Genome size (C-value) (left) and chromosome (2n) and chromosome arms (FN) counts (right) in esociform fish.
Comparative Analysis of the U. pygmaea Transcriptome Does Not Indicate Whole Genome Duplication
To test whether the Umbridae family underwent a whole-genome duplication event (WGD), we assessed gene duplication levels in a set of 24 de novo transcriptome assemblies, including the eastern mudminnow U. pygmaea (Pasquier et al. 2016). We focused on a set of 3,640 benchmark universal single-copy orthologous (BUSCO) genes, which occur only once in the majority (>90%) of a set of 26 selected Actinopterygii species (Simão et al. 2015). Since only a single salmonid species, Salmo salar, was used to construct the BUSCO set, genes that were duplicated in the salmonid-specific WGD (Macqueen and Johnston 2014) were not excluded. Similarly, as this gene set does not consider Umbridae family species, any potential ohnologs originating from an Umbridae-specific WGD are not excluded. Accordingly, five of the six salmonid de novo transcriptome assemblies show the highest duplication level amongst the 24 considered species (supplementary fig. S2 and table S2, Supplementary Material online). In contrast, U. pygmaea exhibits the second-lowest duplication level, second only to Pangasius hypophthalmus. The elevated duplication level in European eel Anguilla anguilla and arowana Osteoglossum bichirrosum were noted recently, suggesting an additional WGD as a possible cause (Rozenfeld et al. 2019).

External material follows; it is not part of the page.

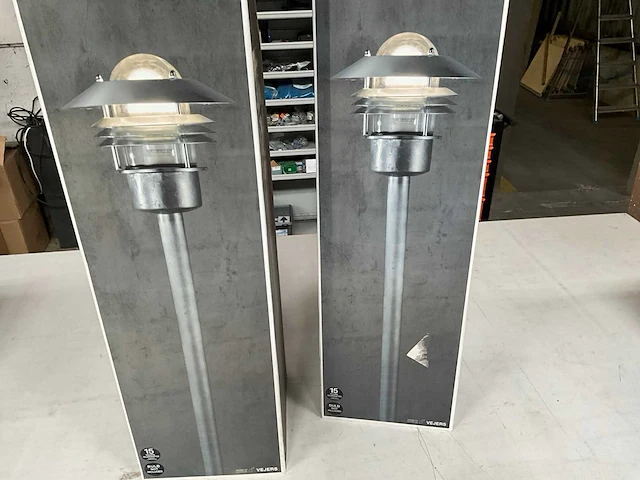 Nordlux vejers sokkel lamp verzinkt staal en glas (2x) - afbeelding 2 van  5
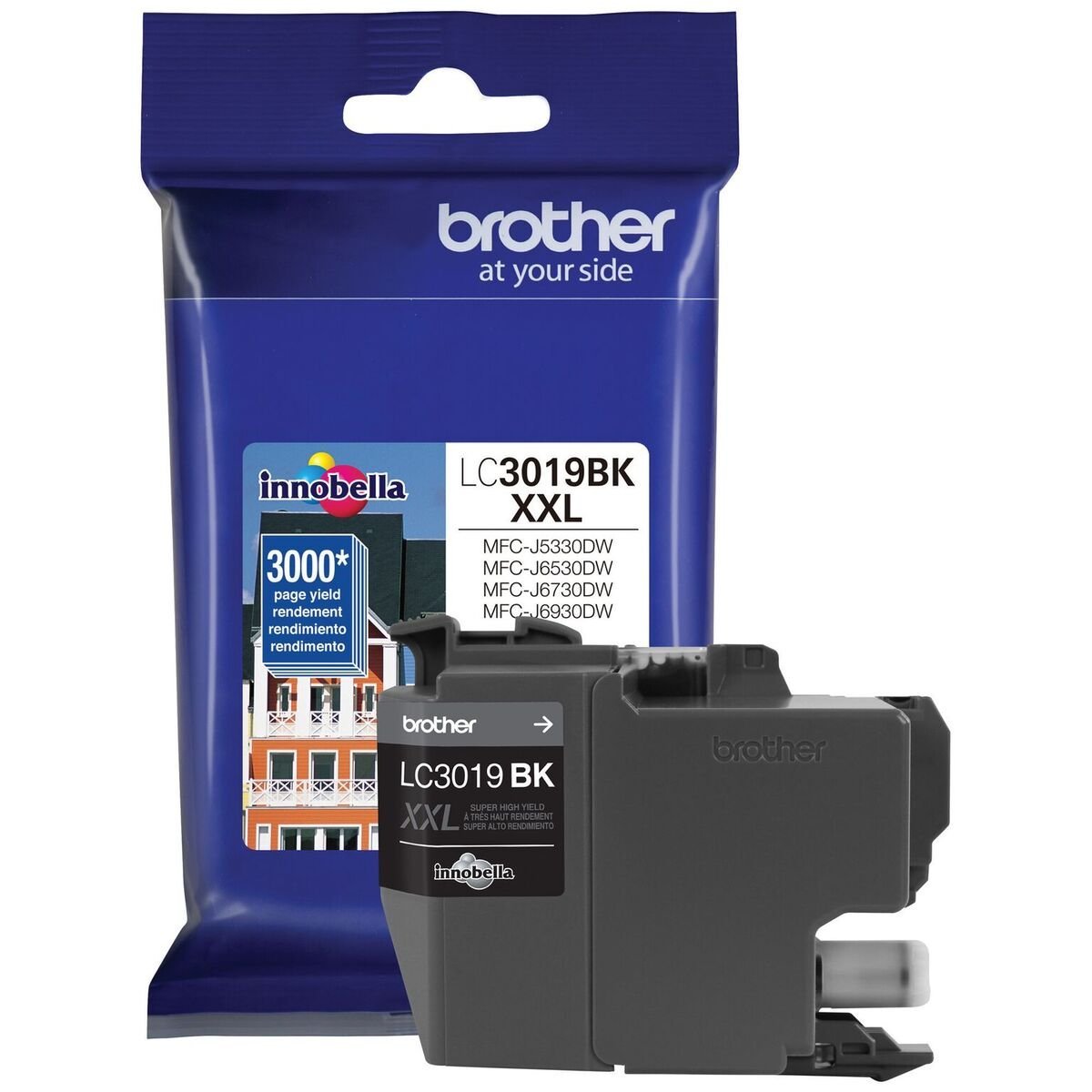 CARTUCHO BROTHER LC3019BK NEGRO 3000 PAGINAS APORX ALTO RENDIMIENTO PARA MFCJ LC-3019BK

Transcriptome de novo assembly procedures include steps that can influence the observed number of duplicated genes, such as the clustering of the assembled contigs (Pasquier et al. 2016; Grabherr et al. 2011). Therefore, we collected all available reference genome assemblies matching the species of any of the transcriptome assemblies. The direct comparison of BUSCO estimates for de novo assemblies and reference genome-derived transcriptomes across 10 species revealed a high correspondence of the duplication level (R2 = 0.8) (supplementary fig. S3 and table S3, Supplementary Material online). In contrast, parameters reflecting technical differences of transcriptome generation show substantially lower correspondence, such as the number of fragmented (R2 = 0.02) or missing transcripts (R2 = 0.28). Clustering of BUSCO gene phylogenetic profiles across all considered species provides a more detailed picture (fig. 2). While a small group of 240 transcripts fails to assemble reliably (cluster I), likely reflecting specific sequence properties, the second group of 819 genes is detected as single-copy in the majority of species (cluster II). The largest cluster III, comprised of 2,096 genes, exhibits species-specific duplication patterns. Cluster IV contains 301 genes duplicated mainly in salmonids and thus likely represent remnants of the salmonid-specific WGD (cluster IV). The remaining 184 genes appear almost consistently duplicated or triplicated across all considered species, again likely reflecting sequence properties (cluster V). Both members of the Esociformes, the eastern mudminnow U. pygmaea, and the Northern pike E.lucius are placed next to each other in the hierarchical species clustering. Separating cluster III into subclusters reveals that both the eastern mudminnow and the Northern pike feature only small nonoverlapping groups of species-specific duplicated genes containing 47 and 76 genes, respectively (supplementary fig. S4 and table S4, Supplementary Material online).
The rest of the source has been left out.